Jack and Jude Binder finally cast off on their long-awaited cruise.
Big day for the first one back at work. Slipped out the Richmond River just after dawn with a zephyr from the north. Slippery slide over the bar then wing and wing while the northerly found its strength. Forty miles later, full main and too much headsail poled out, Banyandah was rather hard to control. But the Clarence River breakwall was in sight and rather than struggle with slab reefing the main down a couple of reefs, we laboured harder at the helm and closed the white water fronting the bar doing something like eight plus knots. That's got to be hull speed.

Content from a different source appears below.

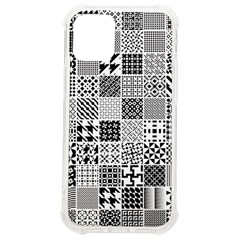 Black And White Geometric Patterns Iphone 12 Mini Tpu Uv Print Case	 by Jancukart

This all started yesterday morning, Sunday, when six months of land-bound living changed in an eye-blink, the time it took to cast free our mooring lines. Suddenly we were sailors once again even though we'd not been on the water since tying our lady to the jetty. Sure, we'd done our maintenance and improvements, but somewhere in that time lost our sea-legs and a bit of physical fitness. Soft hands, lily-white skin and tender feet.
We only went as far as Mobbs Bay on the Sunday, a cyclone hole near the river mouth that's also a weekend favourite for speed boats zooming round towing yelping kiddies on inflatable rings. While Jude dove under to scrape barnacles out through hull fittings and off the prop, I tried to coax Mr Aries to work freely again.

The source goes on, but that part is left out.